Las protestas repentinas y la furia manifestada diariamente en las calles habría sido una situación sorpresiva en cualquier otro lugar. Pero que haya sucedido en el país que con frecuencia es elogiado como el ejemplo de éxito económico de América Latina ha conmocionado al mundo.

Durante tres semanas, Chile ha estado en constante agitación. En un día, más de un millón de personas tomaron las calles de Santiago, la capital.

Probablemente, los únicos que no están sorprendidos son los chilenos. En el caos ven un ajuste de cuentas. La promesa que líderes políticos tanto de izquierda como de derecha han hecho durante décadas -que el libre mercado conducirá a la prosperidad y que dicha prosperidad se hará cargo de los otros problemas- no se ha cumplido.

“Chile despertó”, fue el coro de miles de manifestantes reunidos hace algunos días en el parque O’Higgins, en Santiago.

Por un tiempo, la promesa parecía estar dando resultado. El país hizo la transición de una dictadura a la democracia en 1990 y le siguieron décadas de crecimiento económico con gobiernos que se sucedían en paz.

Sin embargo, ese crecimiento no alcanzó a todos los chilenos.

La desigualdad sigue enquistada profundamente. La clase media chilena está tambaleándose con precios altos, sueldos bajos y un sistema privatizado de pensiones que deja a muchas personas mayores en una situación de amarga pobreza. Una serie de escándalos de corrupción y de evasión de impuestos han socavado la confianza en la élite política y corporativa del país.

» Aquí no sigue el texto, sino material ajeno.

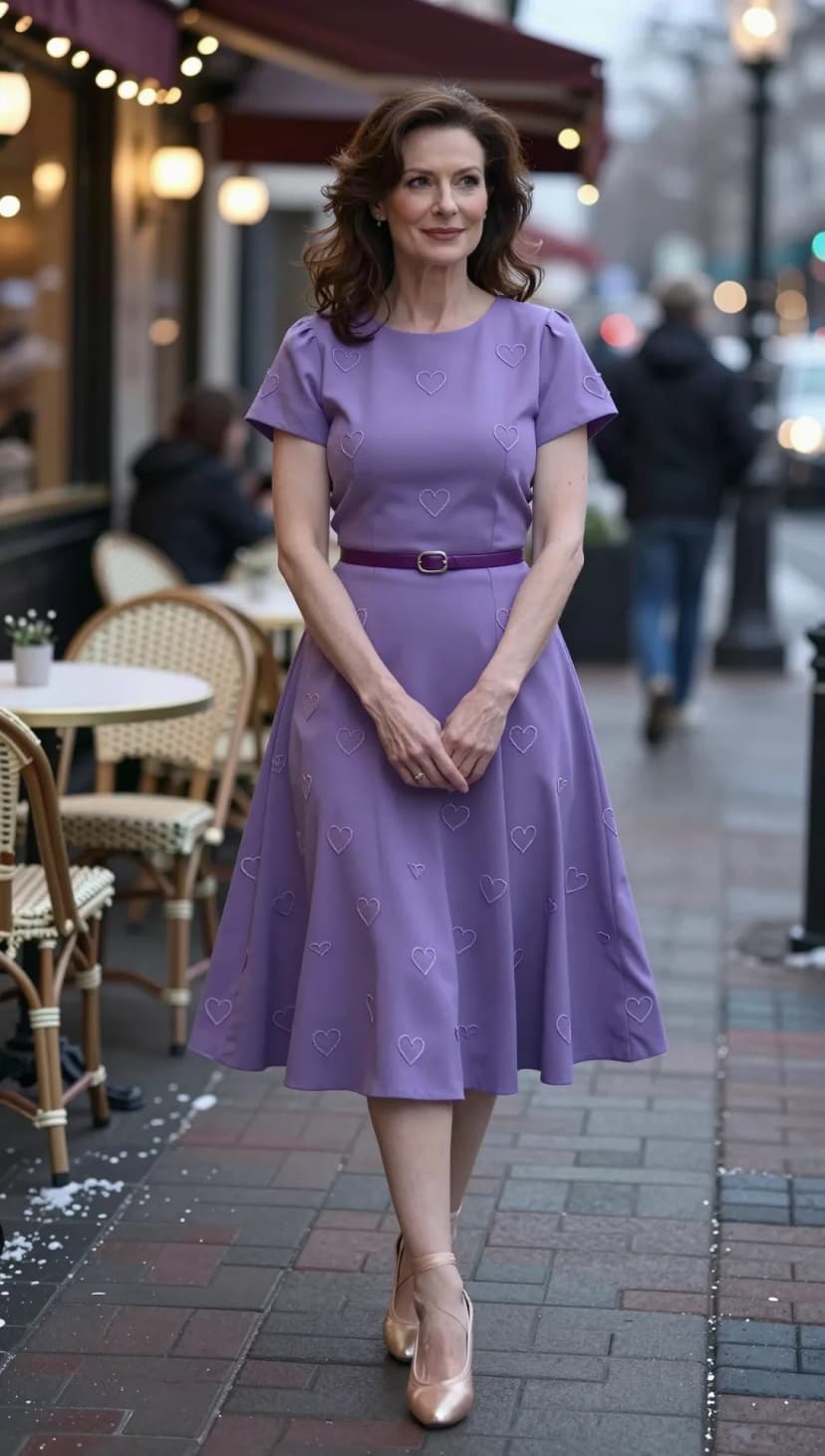 Lilac Heart Print Dress + Gold Ballet Flats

Según Cristóbal Rovira Kaltwasser, politólogo de la Universidad Diego Portales en Santiago, “esta es una especie de crisis de legitimidad. Las personas han empezado a preguntarse: ‘¿por qué tenemos que pagar nosotros si los millonarios no están pagando lo que les corresponde?'”.

“Al mismo tiempo, tenemos una clase política totalmente desconectada de la realidad”, añade Kaltwasser.

En un intento por restablecer el orden, el presidente Sebastián Piñera desechó el incremento de 30 pesos chilenos -4 centavos de dólar- de la tarifa del metro que motivó las protestas iniciales. Luego procedió a desplegar a las fuerzas militares en las calles de Chile, por primera vez desde la transición del país a la democracia.

Cuando eso no funcionó para calmar las protestas, Piñera apareció en televisión para pedir perdón y prometer pensiones más altas, mejor cobertura médica, impuestos más elevados para los ricos y recortes salariales para los políticos. Luego, le solicitó la renuncia a todo su gabinete.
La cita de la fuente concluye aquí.